### EXERCISE DETAILS
Nothing but the lines from the one with "Phân bón kích" through the end of the listing should be reproduced, each exactly and with pictures omitted.

### SOURCE MATERIAL
════════

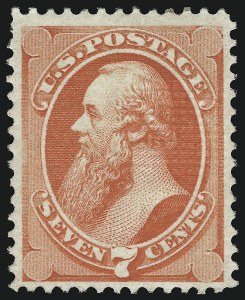 Sale 914, Lot 672, 1870-88 Bank Note Issues (National Grills, Scott 134 thru 144)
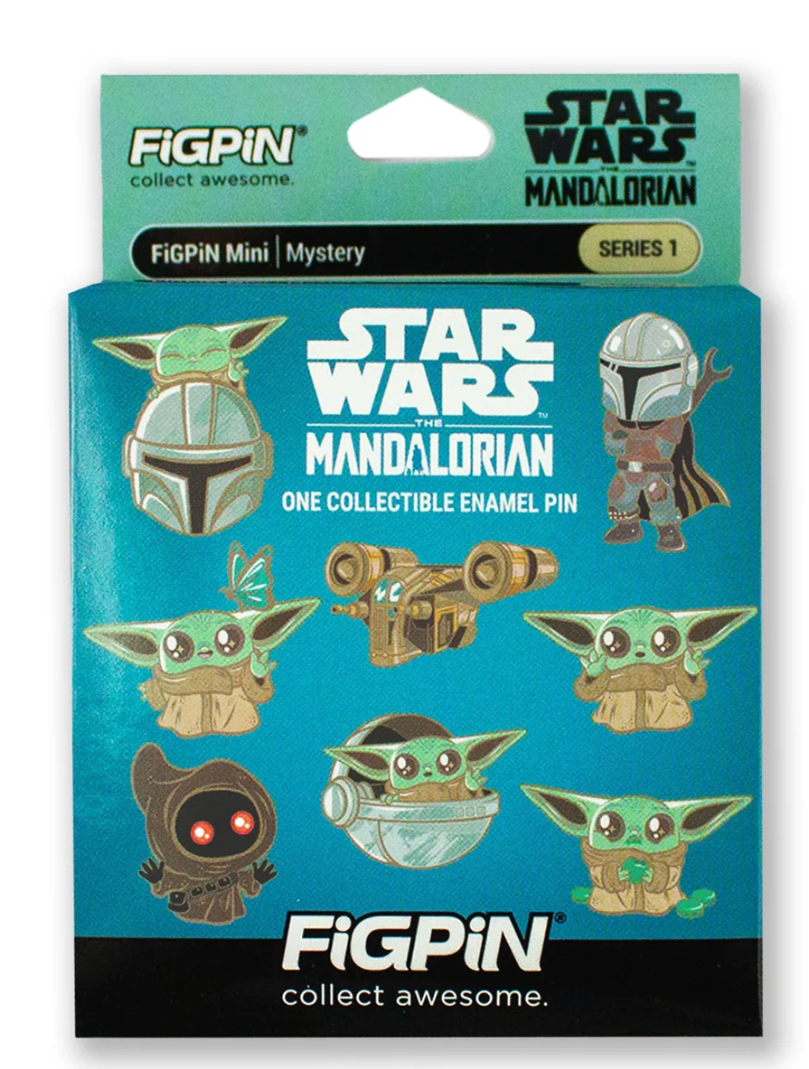 FigPin: Star Wars the Mandalorian and Grogu - Mystery Pins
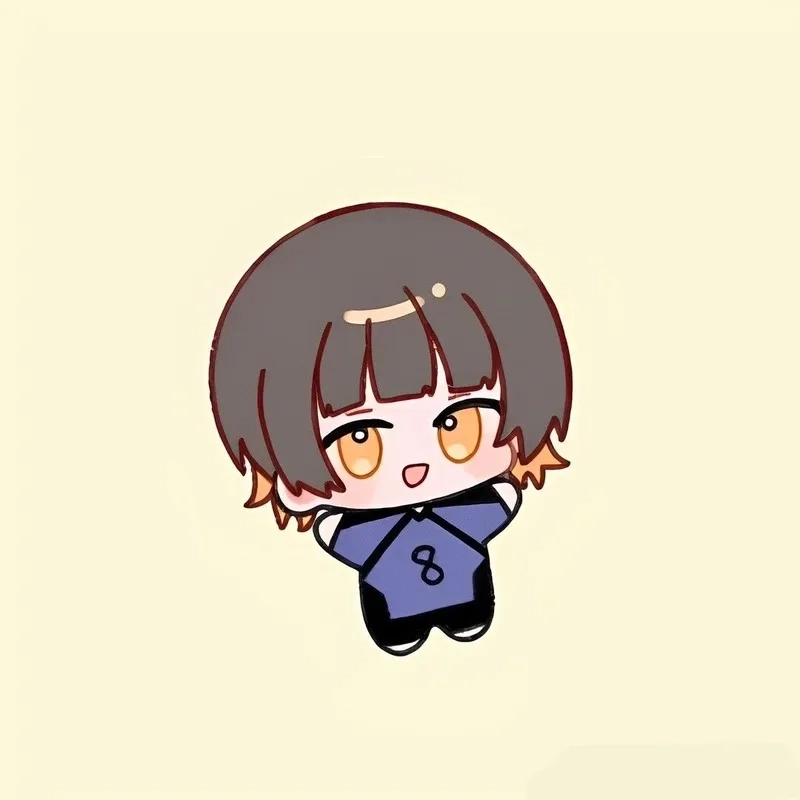 Vẽ Bachira chibi tái hiện sự hồn nhiên và phá cách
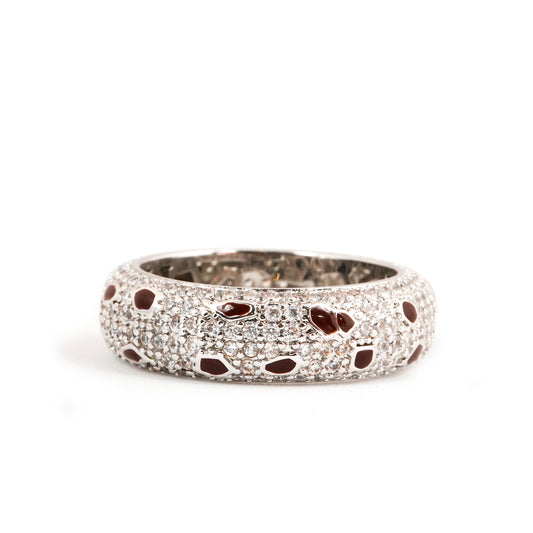 White Gold And Diamond Band
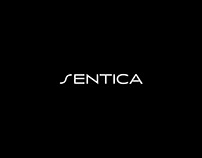 Sentica // Brand identity + Web + Print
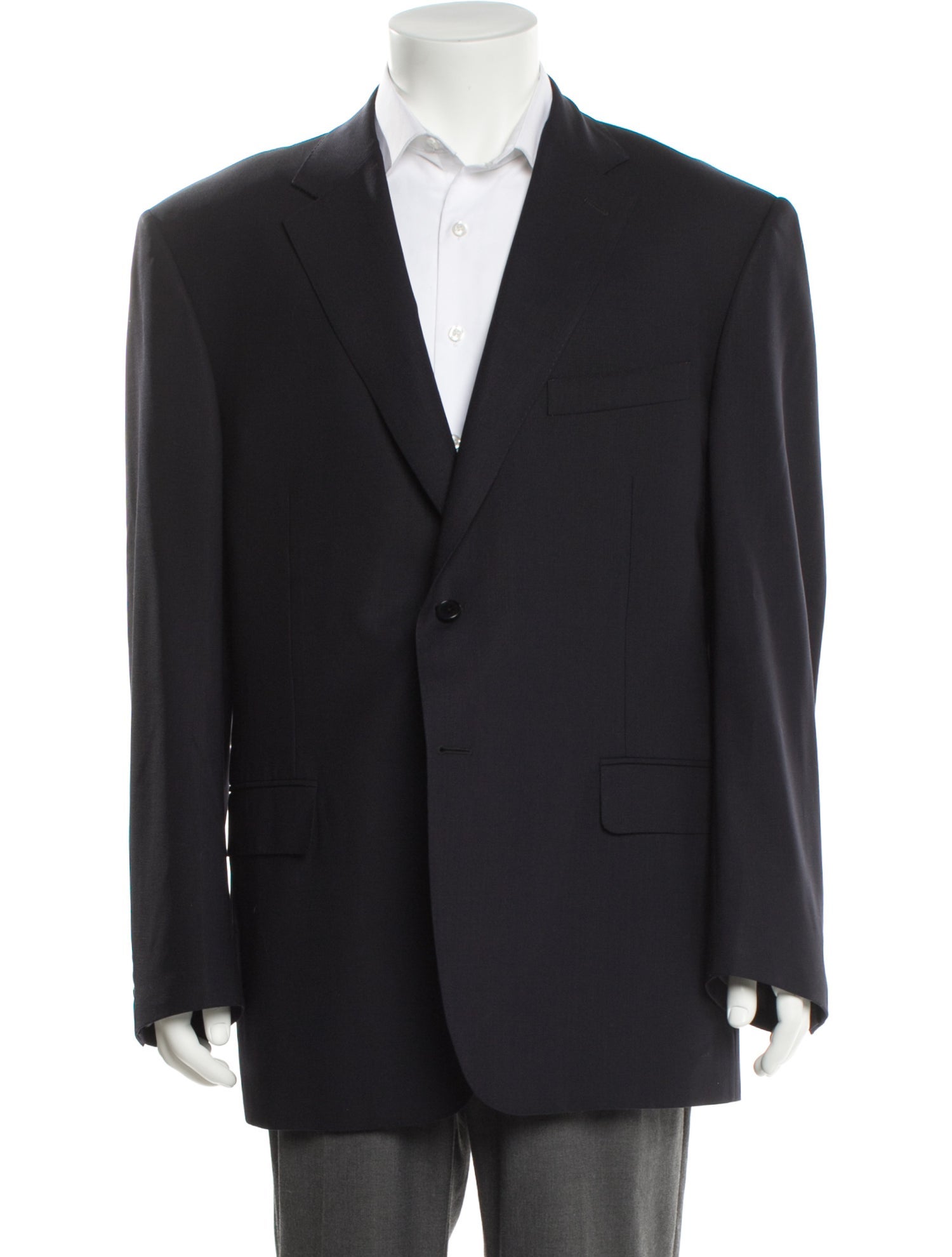 Canali Wool Blazer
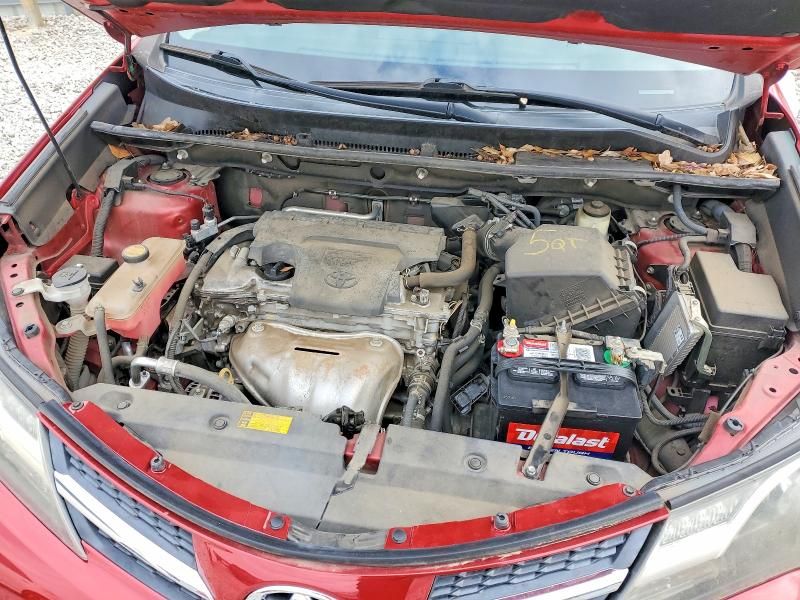 2014 Toyota Rav4 xle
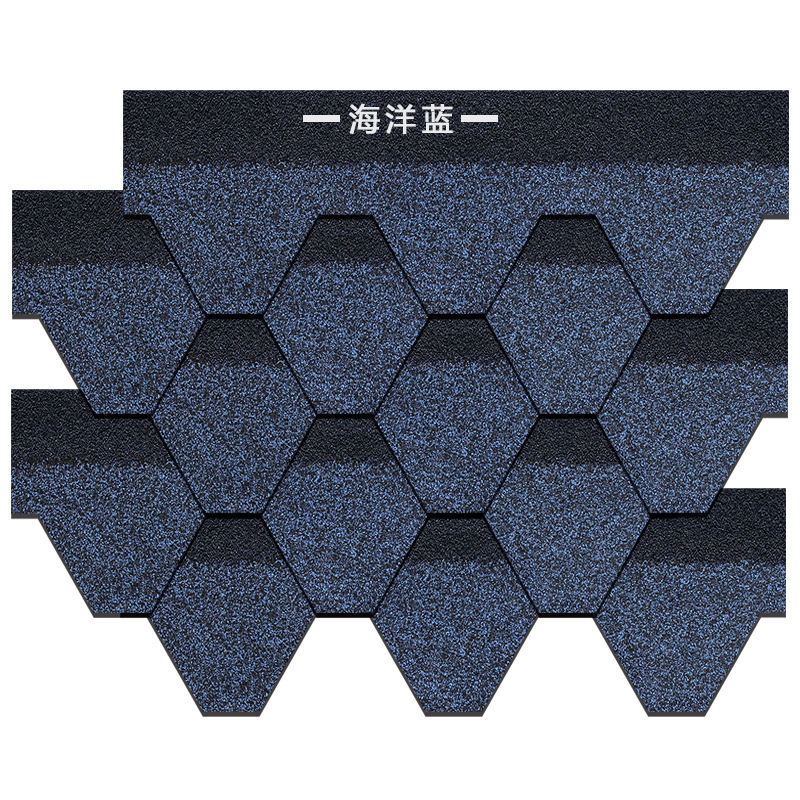 [DSC-2607-63480] Tấm Lợp Bitumen Chống Thấm Kiểu Mosaic JINLUYANG - Thiết Kế Hiện Đại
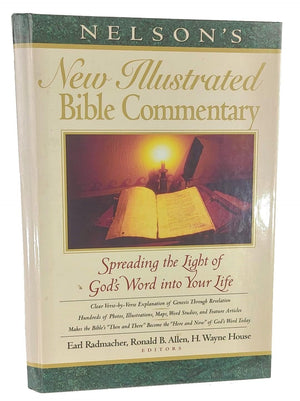 Nelson's New Illustrated Bible Commentary: Spreading the Light of God's Word into Your Life,Used
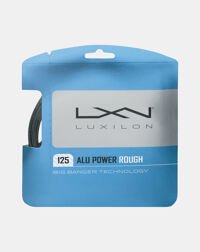 Dây tennis Luxilon Alu Power Rough 125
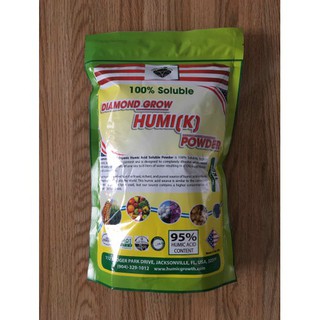 Phân bón kích rễ Humic Acid Powder NK trực tiếp từ Mỹ - gói 1kg (humiksara)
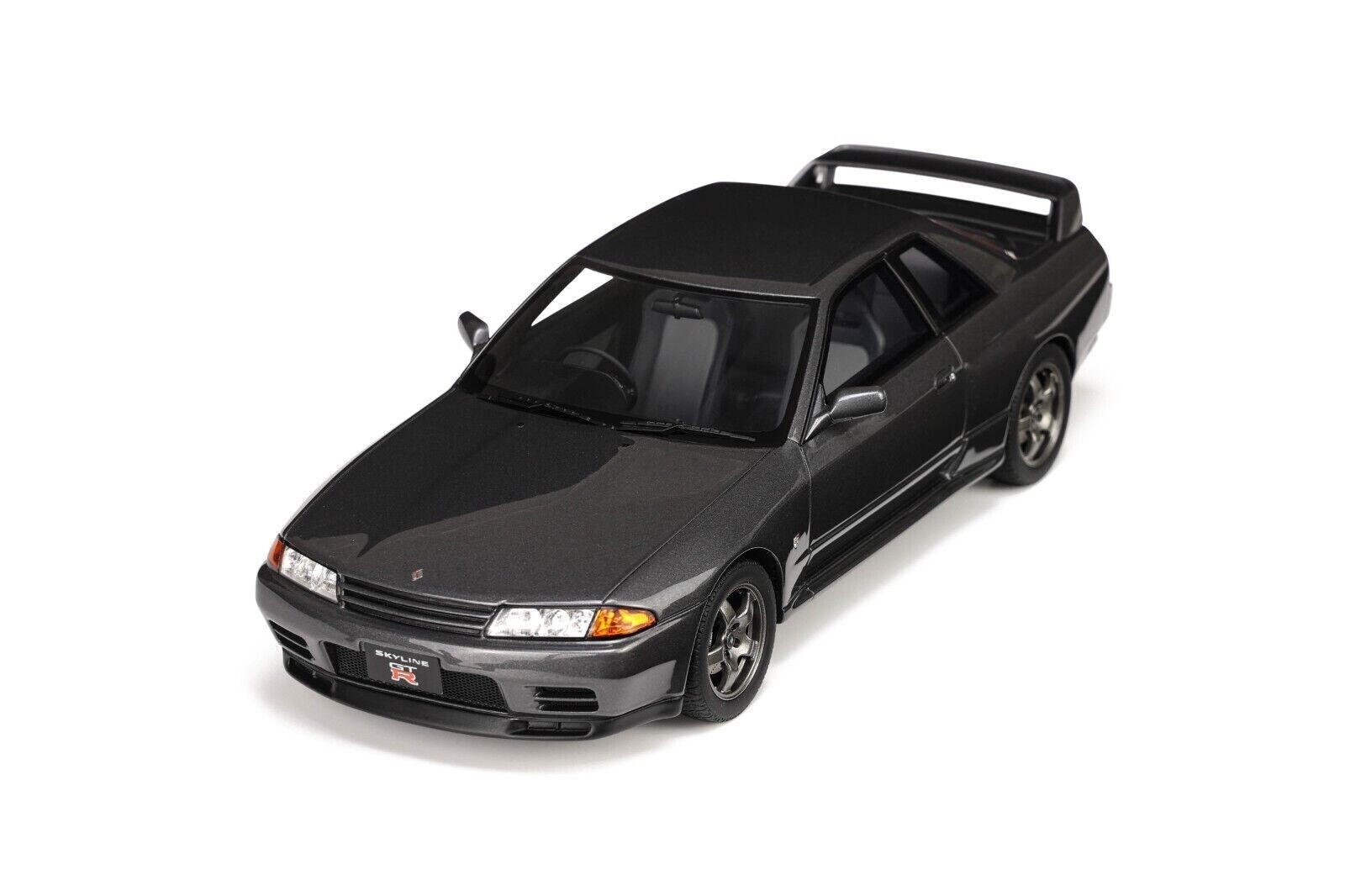 ミニカー SkylineGT-RNismo (R32) Gun Gray llic Ottomobile 1993 Nissan Skyline R32 GT-R BNR32 KH2 Metallic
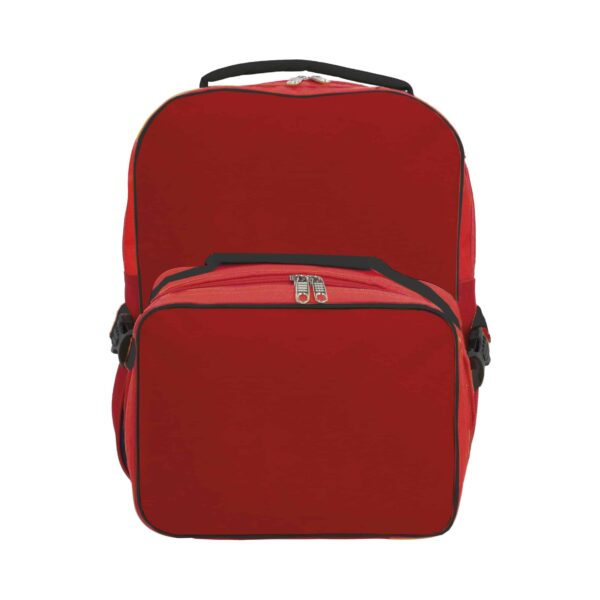 MOCHILA ACME ROJO (BL 191 - POLIÉSTER)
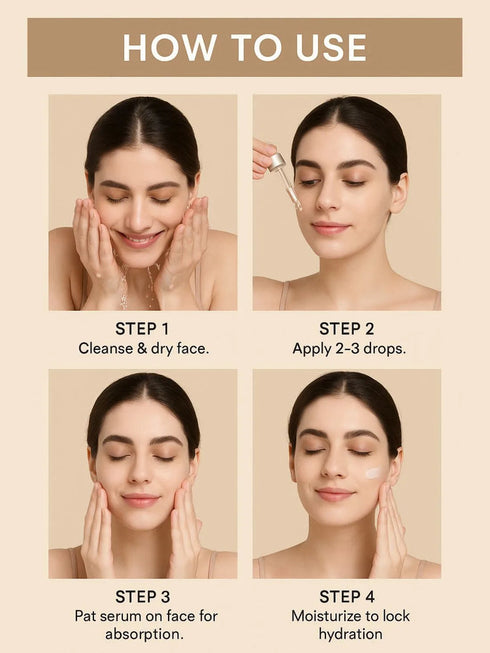 The wellness shop KOJIC ACID SERUM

════════

### ANSWER TO THE EXERCISE
 Phân bón kích rễ Humic Acid Powder NK trực tiếp từ Mỹ - gói 1kg (humiksara)
 ミニカー SkylineGT-RNismo (R32) Gun Gray llic Ottomobile 1993 Nissan Skyline R32 GT-R BNR32 KH2 Metallic
 MOCHILA ACME ROJO (BL 191 - POLIÉSTER)
 The wellness shop KOJIC ACID SERUM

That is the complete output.